- Greg Grunberg as Eric Weiss
- First appearance: "Truth Be Told" (episode 1.01)
- Last appearance: "S.O.S." (episode 5.10)
- Portrayed by: Greg Grunberg

In-universe information
- Alias: Retriever
- Gender: Male
- Title: Agent Eric Weiss
- Occupation: NSC Covert Operations Coordinator APO field agent CIA field agent
- Relatives: Unnamed brother (Mentioned in 3.06)
- Nationality: American

= Eric Weiss =

Eric Weiss is a fictional character, played by Greg Grunberg, from the television series Alias. He is one of Sydney Bristow's CIA co-workers.

==Character biography==
Eric Weiss was a field agent at the CIA. He is a friend of most of the people at the CIA and often gives advice to the other characters, as an outside observer to all of the personal goings-on at the CIA. Weiss has a wry and sarcastic sense of humor which often comes out in his observations. He often walks into or defuses tense situations between Sydney and Vaughn. He is a descendant of Harry Houdini (whose real name was Ehrich Weiss [or Weisz]).

He initially served as a humorous foil and sounding board for Michael Vaughn in the first season, but with the integration of the former members of SD-6 and the CIA, he gives advice to many of the other characters, including Sydney and Marshall Flinkman.

When Marshall's fiancée, Carrie Bowman, went into labor at CIA headquarters, she insisted on being married before the baby was born. Marshall quickly accessed the website for the dubious "Internet Church of Mammals" and obtained for Weiss the post of "Exalted Minister", which allowed him to officiate at the impromptu wedding.

Weiss has played ice hockey in goal against Vaughn but really seems to like bowling (4.05 Liberty Village) because of the cheesy disco music, glow in the dark pins and all you can eat hot dogs after ten.

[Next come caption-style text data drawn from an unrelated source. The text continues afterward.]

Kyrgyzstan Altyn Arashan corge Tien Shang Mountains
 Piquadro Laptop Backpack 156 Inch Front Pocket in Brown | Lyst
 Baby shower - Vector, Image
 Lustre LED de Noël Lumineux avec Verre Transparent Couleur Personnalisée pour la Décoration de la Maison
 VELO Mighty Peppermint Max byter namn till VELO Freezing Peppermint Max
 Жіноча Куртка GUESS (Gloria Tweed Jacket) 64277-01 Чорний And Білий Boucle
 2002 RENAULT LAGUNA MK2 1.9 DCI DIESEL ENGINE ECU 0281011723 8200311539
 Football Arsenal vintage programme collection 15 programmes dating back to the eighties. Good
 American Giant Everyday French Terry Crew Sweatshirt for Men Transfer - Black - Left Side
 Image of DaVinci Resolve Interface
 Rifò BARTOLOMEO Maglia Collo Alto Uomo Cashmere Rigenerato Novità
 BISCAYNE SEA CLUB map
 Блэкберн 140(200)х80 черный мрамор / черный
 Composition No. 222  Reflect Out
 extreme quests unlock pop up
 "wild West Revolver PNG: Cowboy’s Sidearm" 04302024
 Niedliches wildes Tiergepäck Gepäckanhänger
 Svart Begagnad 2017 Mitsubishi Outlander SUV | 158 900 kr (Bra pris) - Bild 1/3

He loves food, Sydney once commented the looked great and he said he'd given up all the food he enjoyed.

Weiss was the only member of Sydney's CIA "family" who wasn't recruited into the black-ops division of the CIA, dubbed "APO," at the start of the fourth season, but this was soon rectified when he learned of the existence of APO during a mission in the third episode of the season.

Although there was the potential of a relationship beginning with Sydney Bristow during the third season, nothing developed. They were just good friends, Weiss gave Sydney a third edition Alice in Wonderland to try to make up for the loss of all her stuff in her apartment fire at the end of the second season. At the start of the fourth season, Weiss began a relationship with Sydney's half-sister, Nadia Santos. In the second episode of season 4, upon meeting Nadia for the first time, he introduced himself as 38 and single.

In the second episode of the fifth season: "...1..." Eric Weiss was offered a job coordinating covert operations for the NSC, which was only a "few steps from the President"; at the end of the episode Weiss accepted the promotion and left the series. The character returned one final time in "S.O.S." when he used his high ranking position to extract a team of APO agents who had infiltrated CIA headquarters in Langley, Virginia.

In one episode he is heard speaking Dutch while on the telephone. He also speaks Spanish, French, and Russian but not as well as other field agents.